[Date Prev][Date Next][Thread Prev][Thread Next][Date Index][Thread Index]
Re: [lmi] Optimized integral power
From: |
Greg Chicares |
Subject: |
Re: [lmi] Optimized integral power |
Date: |
Thu, 22 Dec 2016 23:17:41 +0000 |
User-agent: |
Mozilla/5.0 (X11; Linux x86_64; rv:45.0) Gecko/20100101 Icedove/45.4.0 |
On 2016-12-22 14:45, Vadim Zeitlin wrote:
> On Thu, 22 Dec 2016 02:36:49 +0000 Greg Chicares <address@hidden> wrote:
>
> GC> Please take a look at commit 569b775d3ffc4afc526a83cb1a769f6d604101a8
> GC> and let me know if you see any reason to keep the std::pow() alternative,
> GC> now in a #if 0 ... #endif block. I'm inclined to remove it soon.
>
> I agree, I don't see how std::pow() could do better than what the new code
https://www.sgi.com/tech/stl/power.html#3
| This is in fact not the minimum possible number of multiplications:
| it is possible to compute the fifteenth power of x using only five
| multiplications, but power(x, 15) uses six.
But we needn't worry about that.
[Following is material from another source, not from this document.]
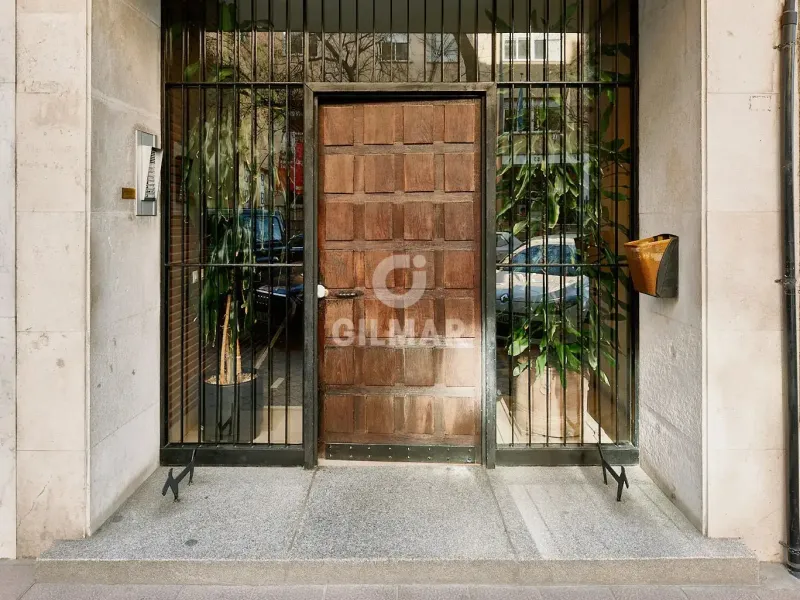 Piso en Lista - Madrid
As an amusing digression, though...
Instead of looking up that example, I was going to say X^9:
X3 = X*X*X 2 total multiplications
X9 = X3*X3 3 " "
whereas with binary powers:
X2 = X*X 1 total multiplications
X4 = X2*X2 2 total multiplications
X8 = X4*X4 3 total multiplications
X9 = X*X8 4 total multiplications
Am I missing something, or is Matt Austern's example not minimal
as I would have expected it to be, just because that's the way I
thought his mind might work?
Preliminarily, let
P = the power to which a number is to be raised
N = a number base (3 for ternary, e.g.)
RN = the base-N representation of P
NOD = the number of digits in a particular Rb
SOD = the sum of the digits in a particular Rb
QN = the total number of multiplications required to
calculate x^P with N-ary power precalculations
For any base-N representation RN, the first digit is free because
it's multiplied by N^0, which is unity. The next digit costs (N-1)
multiplications, and each subsequent digit costs one more. Then the
number of multiplications in a base-N Russian peasant algorithm
(ignoring tiny P for which RN < 2) would be A+B+C, where
A = N - 1
B = NOD(RN) - 2
C = SOD(RN) - 1
because
- the first digit costs nothing
- the second digit costs A
- K digits cost (K-2)=B (we already took care of the first two)
- and to form the final product we must select SOD(RN) of the
powers already calculated, and multiplying K numbers take
(K-1)=C multiplications
Thus
QN(P,N) = A+B+C, or, more directly,
= (N - 1) + (NOD(RN) - 2) + (SOD(RN) - 1)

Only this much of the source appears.